The Infrastructure sector is seeing signs of pick-up – Capex by the central government is up 48% YoY, state capex has normalized with increased focus on irrigation/water supply (rise in new project announcements by Andhra Pradesh and Maharashtra) and initial signs are brewing of a rise in capacity enhancements by large conglomerates indicating potential business for engineering and construction plays. In international markets, projects from the Middle East are buoyant. New awarding witnessed across sectors – roads, buildings, marine, metro, minerals, T&D, water, and telecom –have led to diversified EPC plays emerging as key beneficiaries.
We remain optimistic in the near term due to a large opportunity pipeline across subsectors. For Elara Infrastructure universe, we expect a FY24-27E revenue CAGR of 12%, an EBITDA CAGR of 12% and earnings CAGR of 15%. The sector is currently trading at a comfortable average of 11.6x FY27E P/E. Our top picks in the sector are diversified EPC companies such as NCC (NJCC IN) and Afcons Infrastructure (AFCONS IN).
Diversified EPC better placed than focused road EPC players: Within Elara Infrastructure universe, diversified EPC plays such as NJCC, Larsen & Toubro (LT IN), HCC and AFCONS witnessed healthy order inflow. In fact, NJCC and LT surpassed fullyear guidance with strong inflows worth ~INR 208bn and INR 600bn in Q4, respectively. LT’s inflows were bolstered by international orders, which formed 60% of the total announcements, led by an ultra-mega order in the hydrocarbon division from Qatar. For NJCC, order inflows were led by BSNL and the transportation division, which contributed 53% and 33%, respectively. AFCONS received an inflow worth INR 23bn in Q4 and has pending L1 status on orders worth INR 141bn (delayed due to land acquisitions).
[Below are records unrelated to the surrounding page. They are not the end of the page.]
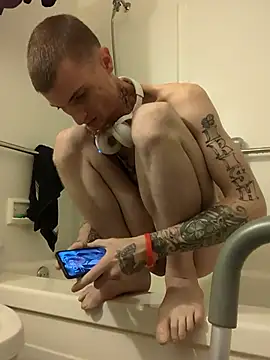 Онлайн чат XXX jizzyglizzy92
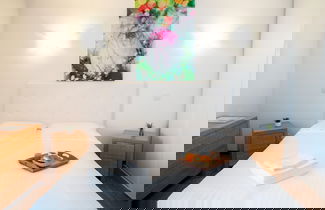 Foto 5 - Comfort Aparthotel Mutzig Portes d'Alsace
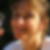 Photo de profil de Nathalie Marchand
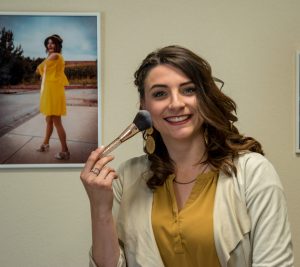 Scheeheitssalon Beauty Salon Bodenwöhr – Gesichtsbehandlungen, Lashlifting, Make-up Scheeheitssalon Beauty Salon Bodenwöhr – Gesichtsbehandlungen, Lashlifting, Make-up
Road focused EPC companies such as PNCL, HG Infra and ASBL may have underachieved their lower end of guidance by 24%, 19% and 2% respectively.
Expect inflows for Elara E&C Infrastructure universe at ~INR 830bn (up 11% YoY) in Q4FY25E. Our calculations show an average orderbook, as of Q4FY25E (including L&T), at INR 818bn (up 19% YoY), with an average book-to-bill ratio of 2.7x.
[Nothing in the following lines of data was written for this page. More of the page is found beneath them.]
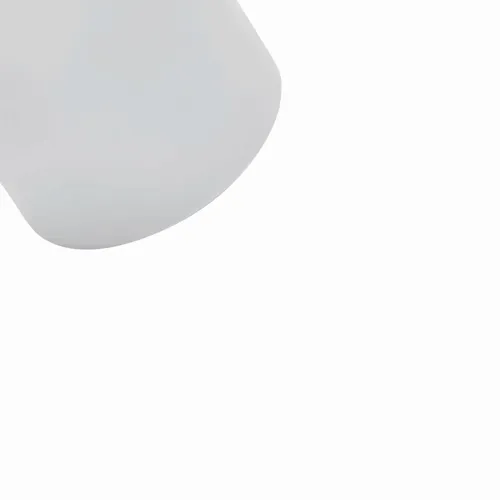 DEEP VALLEY - rozsdamentes acél bögre, pohár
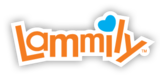 Lammily_logo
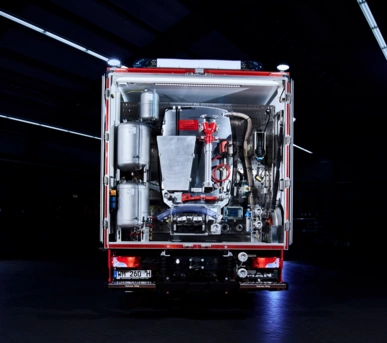 Johannes Ruppel Fotograf Imageotografie Ölspurhexe-5 Johannes Ruppel Fotograf Imageotografie Ölspurhexe-5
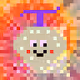 HAPPY HIGH GRAPES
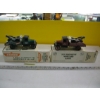 Image 1 : 2 DIECAST TOW TRUCK BANKS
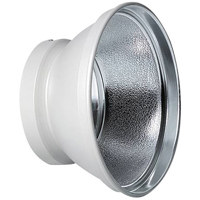 Elinchrom Grid Reflector 7".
Q4 execution slower than usual: Although new project announcement was healthy, delay in receipt of appointed dates, land acquisition approvals and payments from government authorities may impact execution in Q4FY25 versus a usual seasonally strong Q4. About 82% of the total project awarding worth INR 1.2tn by the Maharashtra state government is yet to be converted into LOA. Overall, for Elara Infrastructure universe, we expect an average revenue decline of 12% YoY, largely led by lower executable orderbook for KNR Construction, delay in payments for Jal Jeevan Mission impacting NJCC, PNC Infratech and LT. The only exception is HG Infrastructure, wherein we expect a growth of 7% YoY, led by contribution from solar projects.
Average EBITDA margins are likely to be range-bound at 11% on account of stable material prices of steel and cement.
For Praj, await government decision on increasing ethanol blending rate: Ethanol blending rate has reached 19.5-20%, largely led by grain-based ethanol. Await the government decision on increasing petrol blending rate to 25% or more to open up new order opportunities for Praj. For Q4E, we factor in a 6.5% growth in inflows to INR 10bn and flat revenue with EBITDA margin at 8%.
Road projects – High competitive intensity: After a tepid show in 10MFY25 at 4,204kms (flat YoY), in January 2025, awarding by the MORTH was up 108% YoY to 1,104 kms. However due to competitive intensity, small/unlisted EPC players were beneficiaries, with bids ~25-30% lesser than the quoted price. The authority is working towards improving the quality of roads and is planning to implement stringent bidding rules in the near term.